[[ Collected material, beginning ]]

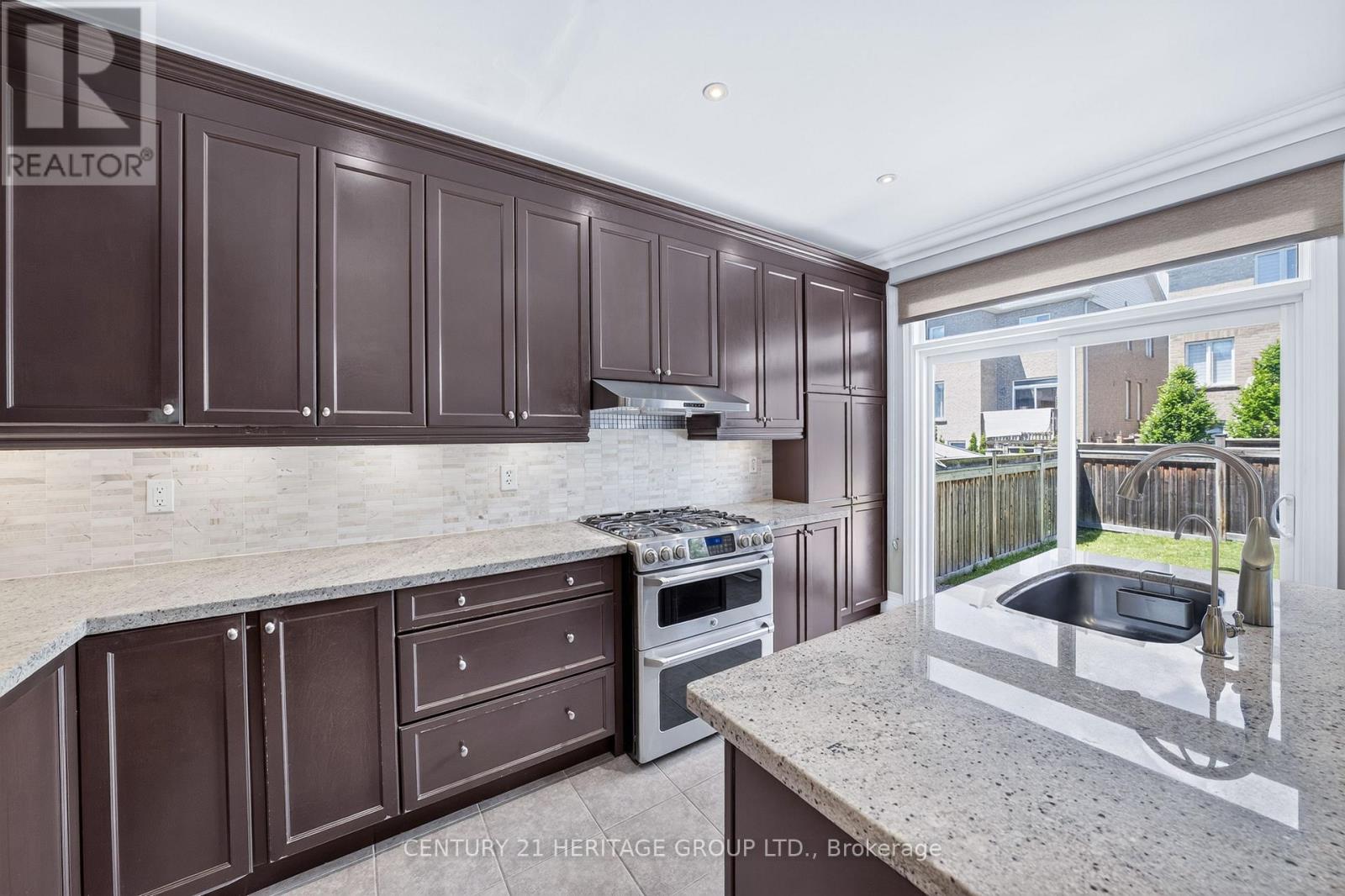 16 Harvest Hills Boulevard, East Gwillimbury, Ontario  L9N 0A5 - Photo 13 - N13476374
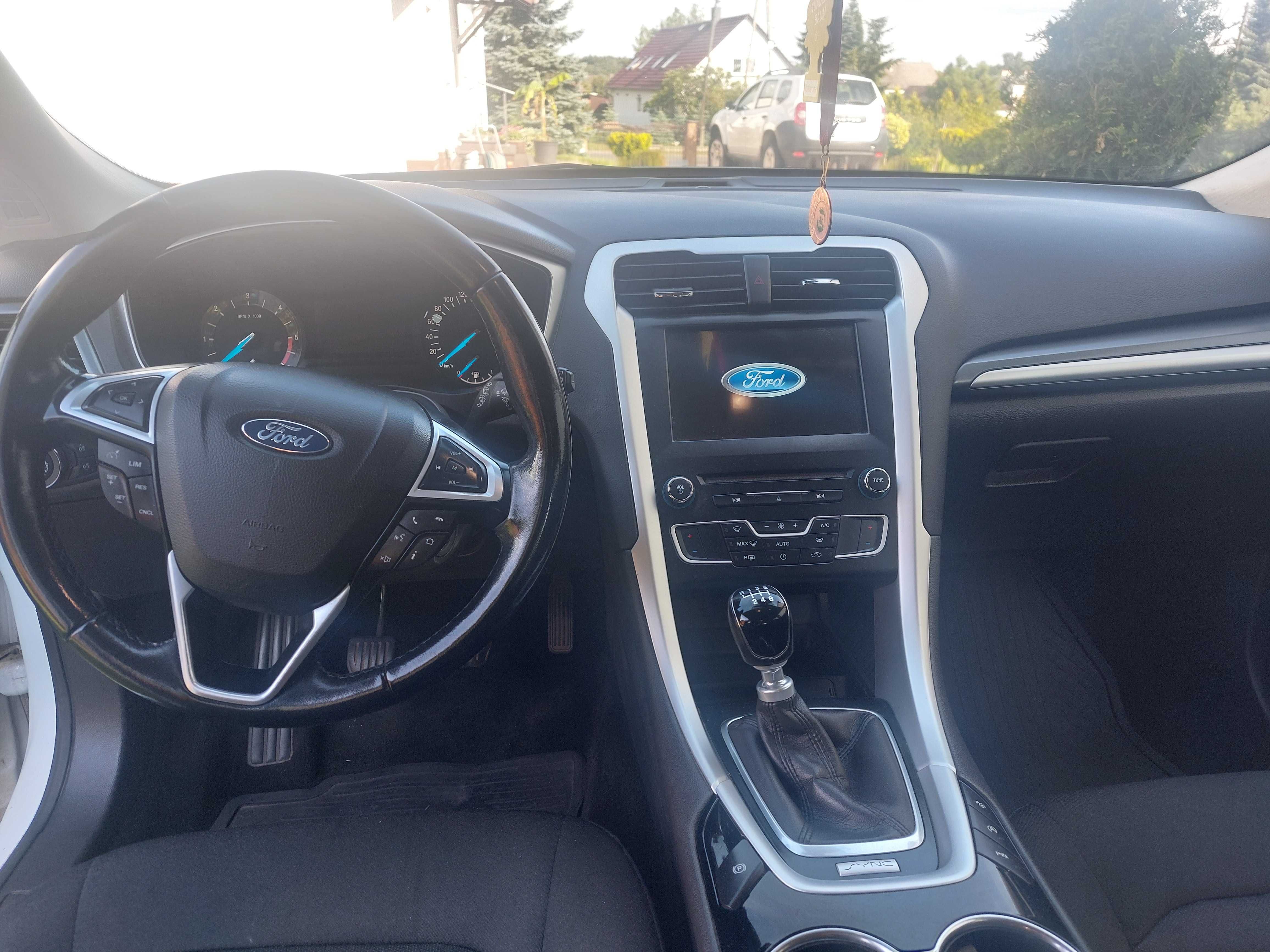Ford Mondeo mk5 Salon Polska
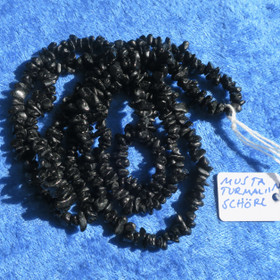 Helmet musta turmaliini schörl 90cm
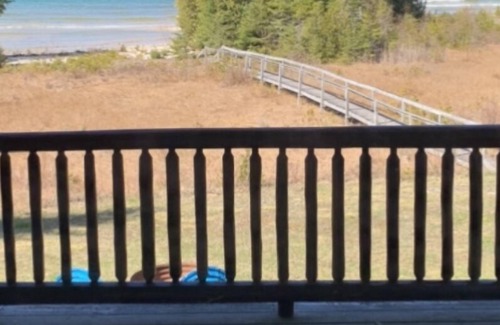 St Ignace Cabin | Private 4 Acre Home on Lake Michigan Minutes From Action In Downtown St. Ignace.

[[ Collected material, end ]]

## Task to carry out
Produce the full material again verbatim, with the pictures dropped.

## Expected answer
 16 Harvest Hills Boulevard, East Gwillimbury, Ontario  L9N 0A5 - Photo 13 - N13476374
Ford Mondeo mk5 Salon Polska
 Helmet musta turmaliini schörl 90cm
 St Ignace Cabin | Private 4 Acre Home on Lake Michigan Minutes From Action In Downtown St. Ignace.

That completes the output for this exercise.